The FR announced availability of the long awaited 10-page FDA draft Guidance on Data Integrity and Compliance with CGMP for comment. I include links to the MHRA guidance HERE and the draft WHO guidance HERE for comparison. The guidance is structured in a Q&A format with a total of 18 questions. This guidance focuses heavily on identifying and citing the predicate rules as they apply to electronic records and data integrity, and for this it is an excellent reference. In my opinion, though, the excessive citation of regulations detracts from the content and provides little insight into FDA’s intent and actual expectations in this area.
We all read guidance documents to identify regulators expectations and actions we might take to ensure compliance. This one in particular was anticipated for over two years and addresses an area of significant enforcement action over the past 10-plus years. Perhaps I had unrealistic expectations for this guidance. Requirements and expectations in this area can be more easily discerned from a careful reading of warning letter deficiencies and form 483 observations than from reading this guidance.
Following are some the areas that I hope are addressed as part of the comment process and revised in the final guidance:
- The guidance fails to address the concept of lifecycle for either computer systems or data. In fact, the term ‘lifecycle’ is not found in the document even though it is a concept central to the FDA’s guidance on process validation and is also central to associated ICH Quality guidance.
- The guidance does not holistically address the requirement in 21 CFR 11 that procedures and controls shall include the ‘…the ability to discern invalid or altered records.’ The concepts of computer system access control and privilege levels are addressed in question 4, but are not linked to the Part 11 requirement. Additionally, questions 7 and 8 address review of audit trails, but no mention is made of how the electronic data themselves are to be reviewed…or even whether they are to be reviewed. A graphic would be appreciated that shows how computer system validation (including but not limited to user requirements, configuration specifications and testing) along with procedural controls over data generation, review, approval, backup and archival work together to ensure the ‘ability to discern invalid or altered records.” Many of the concepts are present in the document but require someone with experience in the topic to be able to link the concepts together, rather than having them stand in isolation. The approach may not be optimal for someone new to the topic or who has limited experience in this area.

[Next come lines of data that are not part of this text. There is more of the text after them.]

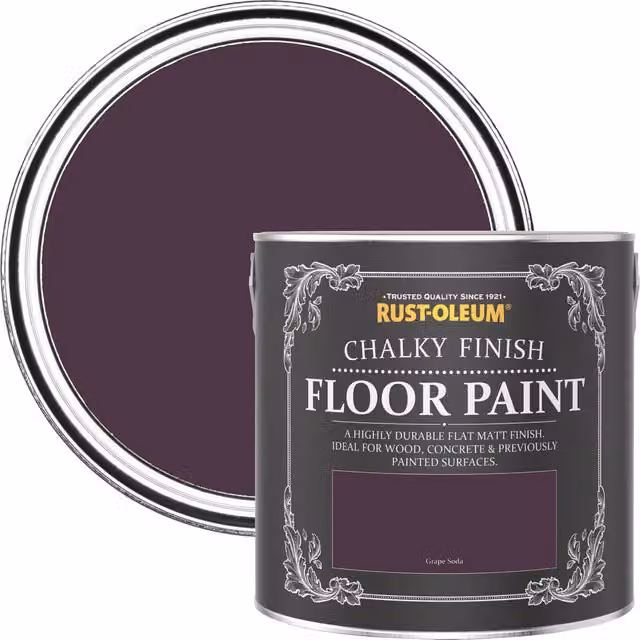 Rust-Oleum Chalky Floor Paint in Grape Soda Purple Matt
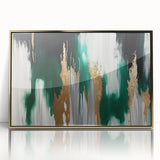 Framed wall art featuring an abstract design of gold strokes and lines on a white background, adding a modern touch to any room's decor. Ideal for contemporary interiors.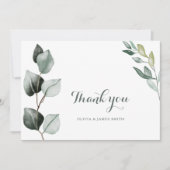 Boho Greenery Watercolor Eucalyptus Wedding Dankeskarte (Vorderseite)
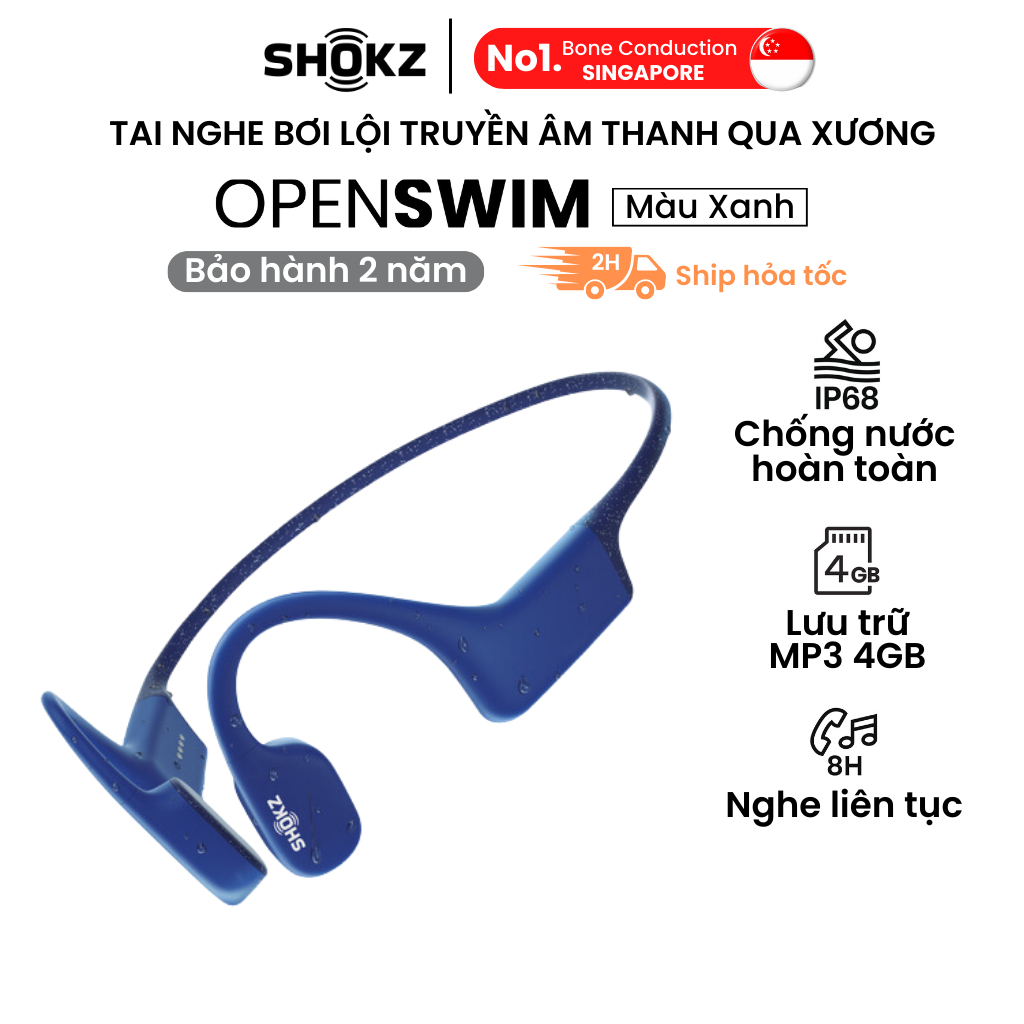 Tai Nghe Thể Thao Bơi Lội SHOKZ OPENSWIM Màu Xanh- MP3 - Truyền âm thanh qua xương Chống nước IP68 - Bảo hành 2 năm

- The guidance does not address an expectation for a risk based data governance process, and periodic evaluations of effectiveness of the program to prevent, detect and remediate data integrity issues. Frequently, FDA warning letters that identify data integrity failures require development of a management strategy to investigate the scope of the shortcoming including impact on product quality and patient safety and address how such failures will be prevented, identified and remediated in the future. In short, the firm who received the warning letter must describe a data governance program and a data integrity plan. An example of this requirement is provided at the end of the warning letter recently issued to Emcure Pharmaceuticals.
- Question 16 states that personnel should be trained to detect data integrity issues. While it seems appropriate that all staff should be trained on the concepts and importance of data integrity to ensure product quality and patient safety, it seems excessive and impractical that ALL personnel should be trained to detect data integrity issues. Data reviewers, particularly those that review electronic data, and audit staff should receive special training in the area of detecting data integrity shortcomings. Training for each functional area needs to reflect the roles and responsibilities performed by the staff.
- “FDA invites individuals to report suspected data integrity issues…” and provides an email address to which such communications should be sent. It seems most unusual for FDA to directly solicit what is effectively whistleblower activity in a guidance document. I am not saying this is inappropriate, just that it’s unusual.
- With regard to definitions, the guidance does not differentiate between the terms ‘back-up’ and ‘archive’ as it relates to electronic records.